Mount Fuji
My friend always wanted to see the mountain
with its eternal snow, but she never
crossed the ocean to Japan. Instead,
she bought a small reproduction
of Hokusai’s “Boy Viewing Mount Fuji”
and hung it on her bedroom wall.
Every morning it greets the daylight:
the boy with his back to her
as he faces the mountain and plays a flute,
his body perfectly balanced on a thick
tree branch that seems to slice
Fuji’s heart with a rugged abandon.
“In another life,” she vows, “I’ll come back
as that flute, the hollow reed content
to be held and hidden in the boy’s hands.”
The Dead
always leave things behind:
gaudy topaz ring of a mother,
silent harmonica of a father,
a favorite uncle’s shot glass,
a forgotten aunt’s bone china.
The list spirals into a litany of
convoluted loss, so it’s really
no surprise when her husband
brings her “a surprise gift.”
The stained fragment of a small
animal’s spine that he found
near the maple tree.
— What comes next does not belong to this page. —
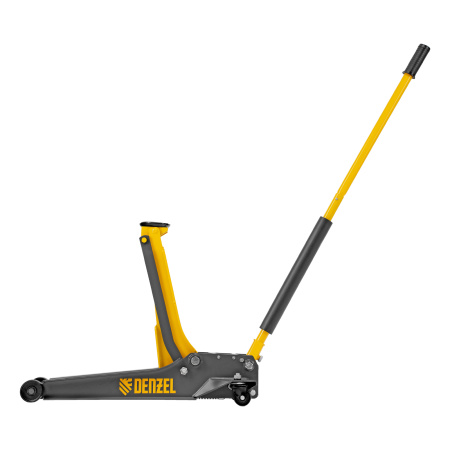Домкрат гидравлический подкатной, 3 т, 85-610 мм, быстрый подъем, низ. подхват, проф, SUV Denzel цена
Eight perfect
vertebrae aligned like train cars
or a Lego toy her son lost
in the backyard. She remembers
a story overheard at a funeral
in Lansing. How a philosophy
professor stole a thigh bone
from an archeological dig
in Peru, something a young
Inca girl left behind just for him
to find. At least that’s what
his ego whispers in his ear.
But what of the “almost dead,”
what do they leave? The three
girls locked in a house in Cleveland
by a bus driver. Ten years later
and they’re women who finally
escape; they leave nothing.
Fill their bodies with nose studs,
eyebrow rings, stark red and green
tattoos of roses and thorns.
And that arrogant academic
who used the girl’s femur for
a paperweight? He died, too.
The unpublished manuscript
of his life’s work on Nietzsche
collecting dust in a cousin’s attic.